== Segment start ==

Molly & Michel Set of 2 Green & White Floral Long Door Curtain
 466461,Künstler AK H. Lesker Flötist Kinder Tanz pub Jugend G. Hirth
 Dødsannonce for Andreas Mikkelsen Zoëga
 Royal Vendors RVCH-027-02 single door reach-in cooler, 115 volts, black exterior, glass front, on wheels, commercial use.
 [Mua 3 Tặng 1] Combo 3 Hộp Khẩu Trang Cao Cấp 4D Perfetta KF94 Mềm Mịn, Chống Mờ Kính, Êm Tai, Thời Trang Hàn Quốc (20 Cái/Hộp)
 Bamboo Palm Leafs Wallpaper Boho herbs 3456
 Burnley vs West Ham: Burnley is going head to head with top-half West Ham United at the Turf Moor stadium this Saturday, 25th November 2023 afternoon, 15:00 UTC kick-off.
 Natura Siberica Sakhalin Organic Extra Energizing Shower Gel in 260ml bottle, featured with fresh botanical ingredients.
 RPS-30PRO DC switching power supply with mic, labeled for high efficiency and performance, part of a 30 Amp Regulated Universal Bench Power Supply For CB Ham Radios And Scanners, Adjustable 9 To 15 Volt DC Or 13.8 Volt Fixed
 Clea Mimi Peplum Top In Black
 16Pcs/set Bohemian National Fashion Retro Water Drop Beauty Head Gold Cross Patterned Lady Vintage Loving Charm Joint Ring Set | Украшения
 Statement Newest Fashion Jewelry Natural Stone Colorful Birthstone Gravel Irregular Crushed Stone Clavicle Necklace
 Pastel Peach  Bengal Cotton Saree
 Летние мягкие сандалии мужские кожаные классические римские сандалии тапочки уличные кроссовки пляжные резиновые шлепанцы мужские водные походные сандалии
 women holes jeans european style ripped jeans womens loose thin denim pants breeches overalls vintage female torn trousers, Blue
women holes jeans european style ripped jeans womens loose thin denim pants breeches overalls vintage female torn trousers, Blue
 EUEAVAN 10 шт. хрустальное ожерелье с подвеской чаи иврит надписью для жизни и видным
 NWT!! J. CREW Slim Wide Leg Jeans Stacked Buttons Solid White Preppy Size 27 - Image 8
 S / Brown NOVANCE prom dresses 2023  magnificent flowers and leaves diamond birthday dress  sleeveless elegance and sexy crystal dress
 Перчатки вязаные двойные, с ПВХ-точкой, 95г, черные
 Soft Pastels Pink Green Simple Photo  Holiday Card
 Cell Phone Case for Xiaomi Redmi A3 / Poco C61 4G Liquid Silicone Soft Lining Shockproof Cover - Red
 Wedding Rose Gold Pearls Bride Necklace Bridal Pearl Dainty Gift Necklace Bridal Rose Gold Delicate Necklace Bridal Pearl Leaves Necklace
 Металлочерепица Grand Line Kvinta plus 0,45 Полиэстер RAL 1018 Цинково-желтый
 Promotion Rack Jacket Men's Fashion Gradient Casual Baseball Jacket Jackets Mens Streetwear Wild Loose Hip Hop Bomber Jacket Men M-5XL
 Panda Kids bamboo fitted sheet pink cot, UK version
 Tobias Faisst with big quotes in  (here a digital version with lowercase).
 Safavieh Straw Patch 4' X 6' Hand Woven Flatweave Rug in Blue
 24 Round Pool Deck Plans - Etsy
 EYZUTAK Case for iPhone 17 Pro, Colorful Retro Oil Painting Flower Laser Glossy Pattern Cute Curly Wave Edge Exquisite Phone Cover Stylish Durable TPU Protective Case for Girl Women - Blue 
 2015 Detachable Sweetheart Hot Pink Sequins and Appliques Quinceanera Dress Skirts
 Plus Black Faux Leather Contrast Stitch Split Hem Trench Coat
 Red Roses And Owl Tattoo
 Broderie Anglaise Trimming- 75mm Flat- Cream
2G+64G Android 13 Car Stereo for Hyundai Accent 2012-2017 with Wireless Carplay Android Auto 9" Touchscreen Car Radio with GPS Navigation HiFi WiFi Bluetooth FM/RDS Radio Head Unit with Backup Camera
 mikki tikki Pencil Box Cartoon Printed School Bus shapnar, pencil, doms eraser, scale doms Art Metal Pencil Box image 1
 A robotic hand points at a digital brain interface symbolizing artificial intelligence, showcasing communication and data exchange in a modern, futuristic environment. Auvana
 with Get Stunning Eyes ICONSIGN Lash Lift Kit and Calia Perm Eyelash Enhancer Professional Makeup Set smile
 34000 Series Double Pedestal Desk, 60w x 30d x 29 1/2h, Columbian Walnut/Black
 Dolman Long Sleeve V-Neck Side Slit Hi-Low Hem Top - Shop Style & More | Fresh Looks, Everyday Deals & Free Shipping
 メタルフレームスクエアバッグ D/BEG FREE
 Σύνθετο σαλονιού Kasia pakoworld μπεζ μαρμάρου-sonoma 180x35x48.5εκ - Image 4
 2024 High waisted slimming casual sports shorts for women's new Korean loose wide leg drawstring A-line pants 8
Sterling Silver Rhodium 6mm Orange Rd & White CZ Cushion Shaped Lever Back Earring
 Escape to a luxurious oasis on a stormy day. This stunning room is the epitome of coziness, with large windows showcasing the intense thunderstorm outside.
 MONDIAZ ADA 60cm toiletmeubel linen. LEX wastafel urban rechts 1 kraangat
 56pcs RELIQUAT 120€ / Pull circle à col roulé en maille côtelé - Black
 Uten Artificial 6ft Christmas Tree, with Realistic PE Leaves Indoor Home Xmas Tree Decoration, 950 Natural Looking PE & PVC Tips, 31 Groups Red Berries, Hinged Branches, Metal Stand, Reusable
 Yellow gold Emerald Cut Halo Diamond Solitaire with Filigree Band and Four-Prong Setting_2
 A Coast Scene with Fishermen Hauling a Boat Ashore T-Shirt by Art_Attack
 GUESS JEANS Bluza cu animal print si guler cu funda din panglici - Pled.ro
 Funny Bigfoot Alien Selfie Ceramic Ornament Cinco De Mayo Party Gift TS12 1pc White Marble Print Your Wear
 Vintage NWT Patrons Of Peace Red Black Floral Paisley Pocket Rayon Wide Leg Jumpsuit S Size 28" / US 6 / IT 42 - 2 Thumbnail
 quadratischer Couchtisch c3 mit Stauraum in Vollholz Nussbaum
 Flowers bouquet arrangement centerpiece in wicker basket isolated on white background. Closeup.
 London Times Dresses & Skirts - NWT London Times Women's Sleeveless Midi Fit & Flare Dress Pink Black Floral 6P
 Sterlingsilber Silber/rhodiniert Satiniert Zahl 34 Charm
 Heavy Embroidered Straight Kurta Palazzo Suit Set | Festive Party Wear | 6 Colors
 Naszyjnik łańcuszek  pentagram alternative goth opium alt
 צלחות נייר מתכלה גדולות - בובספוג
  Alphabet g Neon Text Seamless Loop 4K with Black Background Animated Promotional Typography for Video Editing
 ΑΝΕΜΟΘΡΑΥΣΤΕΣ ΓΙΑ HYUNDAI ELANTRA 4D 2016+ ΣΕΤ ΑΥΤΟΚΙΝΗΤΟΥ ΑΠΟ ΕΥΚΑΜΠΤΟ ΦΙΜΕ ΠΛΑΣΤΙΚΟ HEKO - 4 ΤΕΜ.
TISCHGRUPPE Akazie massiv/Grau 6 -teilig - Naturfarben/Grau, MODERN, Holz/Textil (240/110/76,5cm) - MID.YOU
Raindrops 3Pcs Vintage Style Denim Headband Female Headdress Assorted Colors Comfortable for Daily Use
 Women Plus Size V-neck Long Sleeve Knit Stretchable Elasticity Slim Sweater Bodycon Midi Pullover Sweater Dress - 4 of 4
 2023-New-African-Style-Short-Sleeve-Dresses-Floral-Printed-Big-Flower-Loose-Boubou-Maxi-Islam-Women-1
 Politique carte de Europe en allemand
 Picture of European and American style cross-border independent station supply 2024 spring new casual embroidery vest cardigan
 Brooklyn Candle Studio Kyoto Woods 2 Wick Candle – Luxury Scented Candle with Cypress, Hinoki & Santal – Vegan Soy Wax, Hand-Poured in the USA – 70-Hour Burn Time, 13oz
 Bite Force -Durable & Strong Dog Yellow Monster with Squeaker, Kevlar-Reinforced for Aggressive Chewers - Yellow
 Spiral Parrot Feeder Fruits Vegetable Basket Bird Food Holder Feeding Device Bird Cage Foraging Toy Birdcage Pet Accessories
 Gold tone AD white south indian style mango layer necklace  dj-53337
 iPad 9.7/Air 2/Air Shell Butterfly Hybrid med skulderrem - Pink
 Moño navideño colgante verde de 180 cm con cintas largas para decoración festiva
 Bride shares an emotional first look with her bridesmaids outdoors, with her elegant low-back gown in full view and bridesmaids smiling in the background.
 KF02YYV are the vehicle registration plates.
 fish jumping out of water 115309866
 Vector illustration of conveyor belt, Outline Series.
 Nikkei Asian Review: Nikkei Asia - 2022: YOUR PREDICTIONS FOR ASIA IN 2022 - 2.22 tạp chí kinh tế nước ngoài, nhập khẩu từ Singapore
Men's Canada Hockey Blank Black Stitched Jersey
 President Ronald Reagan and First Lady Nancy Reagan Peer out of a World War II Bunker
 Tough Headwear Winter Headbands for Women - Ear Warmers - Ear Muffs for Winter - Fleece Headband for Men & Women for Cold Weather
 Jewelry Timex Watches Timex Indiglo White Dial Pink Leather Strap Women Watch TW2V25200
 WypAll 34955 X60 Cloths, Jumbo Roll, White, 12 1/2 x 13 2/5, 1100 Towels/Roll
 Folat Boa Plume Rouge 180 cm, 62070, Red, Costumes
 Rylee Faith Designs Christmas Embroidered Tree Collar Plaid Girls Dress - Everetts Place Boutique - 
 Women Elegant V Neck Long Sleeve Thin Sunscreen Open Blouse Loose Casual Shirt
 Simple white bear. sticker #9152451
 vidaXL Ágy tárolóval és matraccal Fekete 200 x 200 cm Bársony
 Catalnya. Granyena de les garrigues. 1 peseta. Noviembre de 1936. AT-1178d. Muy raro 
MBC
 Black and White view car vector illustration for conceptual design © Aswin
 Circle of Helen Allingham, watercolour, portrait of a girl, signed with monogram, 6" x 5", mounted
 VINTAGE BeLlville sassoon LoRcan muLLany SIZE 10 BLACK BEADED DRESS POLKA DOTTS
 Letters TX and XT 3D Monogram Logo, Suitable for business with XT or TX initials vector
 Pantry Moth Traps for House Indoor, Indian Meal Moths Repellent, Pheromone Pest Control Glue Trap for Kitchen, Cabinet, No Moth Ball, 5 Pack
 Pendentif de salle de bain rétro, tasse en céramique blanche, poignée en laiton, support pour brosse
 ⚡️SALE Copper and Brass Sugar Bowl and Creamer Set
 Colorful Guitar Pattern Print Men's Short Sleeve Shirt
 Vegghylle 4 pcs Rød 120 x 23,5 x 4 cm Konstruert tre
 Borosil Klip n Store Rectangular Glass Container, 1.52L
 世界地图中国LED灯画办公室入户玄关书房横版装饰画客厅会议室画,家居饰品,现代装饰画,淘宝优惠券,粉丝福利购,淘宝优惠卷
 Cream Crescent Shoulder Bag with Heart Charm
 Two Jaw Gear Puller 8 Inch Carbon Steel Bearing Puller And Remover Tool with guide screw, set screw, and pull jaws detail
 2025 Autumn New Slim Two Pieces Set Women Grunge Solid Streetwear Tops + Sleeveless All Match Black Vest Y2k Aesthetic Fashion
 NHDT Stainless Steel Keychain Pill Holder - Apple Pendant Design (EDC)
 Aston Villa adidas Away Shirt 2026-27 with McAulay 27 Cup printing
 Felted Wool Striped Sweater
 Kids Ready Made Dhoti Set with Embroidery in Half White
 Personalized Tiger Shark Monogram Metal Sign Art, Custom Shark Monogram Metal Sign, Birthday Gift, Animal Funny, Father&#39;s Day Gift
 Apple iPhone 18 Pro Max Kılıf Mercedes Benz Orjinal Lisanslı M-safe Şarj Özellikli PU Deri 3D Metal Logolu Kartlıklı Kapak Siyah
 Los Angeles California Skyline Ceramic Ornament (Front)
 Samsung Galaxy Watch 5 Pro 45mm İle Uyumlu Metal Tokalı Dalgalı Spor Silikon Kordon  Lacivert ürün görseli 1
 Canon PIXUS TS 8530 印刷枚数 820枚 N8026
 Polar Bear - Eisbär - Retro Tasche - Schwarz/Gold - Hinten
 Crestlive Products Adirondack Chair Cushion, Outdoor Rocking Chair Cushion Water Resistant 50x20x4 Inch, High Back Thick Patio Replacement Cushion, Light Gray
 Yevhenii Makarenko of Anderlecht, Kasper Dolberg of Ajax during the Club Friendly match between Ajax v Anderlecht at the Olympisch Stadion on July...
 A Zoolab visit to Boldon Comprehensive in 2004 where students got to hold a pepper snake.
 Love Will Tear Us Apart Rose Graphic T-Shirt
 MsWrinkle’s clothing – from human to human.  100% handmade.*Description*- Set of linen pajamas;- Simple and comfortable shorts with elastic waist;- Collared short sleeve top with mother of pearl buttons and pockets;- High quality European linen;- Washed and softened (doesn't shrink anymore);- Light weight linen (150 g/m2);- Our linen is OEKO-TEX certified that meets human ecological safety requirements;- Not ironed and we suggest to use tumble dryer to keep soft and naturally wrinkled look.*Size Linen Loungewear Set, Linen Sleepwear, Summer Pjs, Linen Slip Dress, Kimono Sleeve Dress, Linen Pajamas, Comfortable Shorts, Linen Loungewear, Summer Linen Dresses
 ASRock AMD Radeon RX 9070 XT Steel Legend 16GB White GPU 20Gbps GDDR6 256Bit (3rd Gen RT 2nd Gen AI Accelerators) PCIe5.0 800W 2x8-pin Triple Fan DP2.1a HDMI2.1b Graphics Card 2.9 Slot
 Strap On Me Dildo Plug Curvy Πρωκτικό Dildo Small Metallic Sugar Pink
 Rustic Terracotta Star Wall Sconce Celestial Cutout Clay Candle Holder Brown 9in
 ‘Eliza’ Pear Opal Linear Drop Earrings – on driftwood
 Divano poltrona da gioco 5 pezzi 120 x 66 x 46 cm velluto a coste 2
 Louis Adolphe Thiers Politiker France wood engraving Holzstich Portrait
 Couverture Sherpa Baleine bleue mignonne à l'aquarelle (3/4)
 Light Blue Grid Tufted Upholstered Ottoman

== Segment end ==

Find "Charm" in the preceding records. Copy each line that holds it.

 16Pcs/set Bohemian National Fashion Retro Water Drop Beauty Head Gold Cross Patterned Lady Vintage Loving Charm Joint Ring Set | Украшения
 Sterlingsilber Silber/rhodiniert Satiniert Zahl 34 Charm
 Cream Crescent Shoulder Bag with Heart Charm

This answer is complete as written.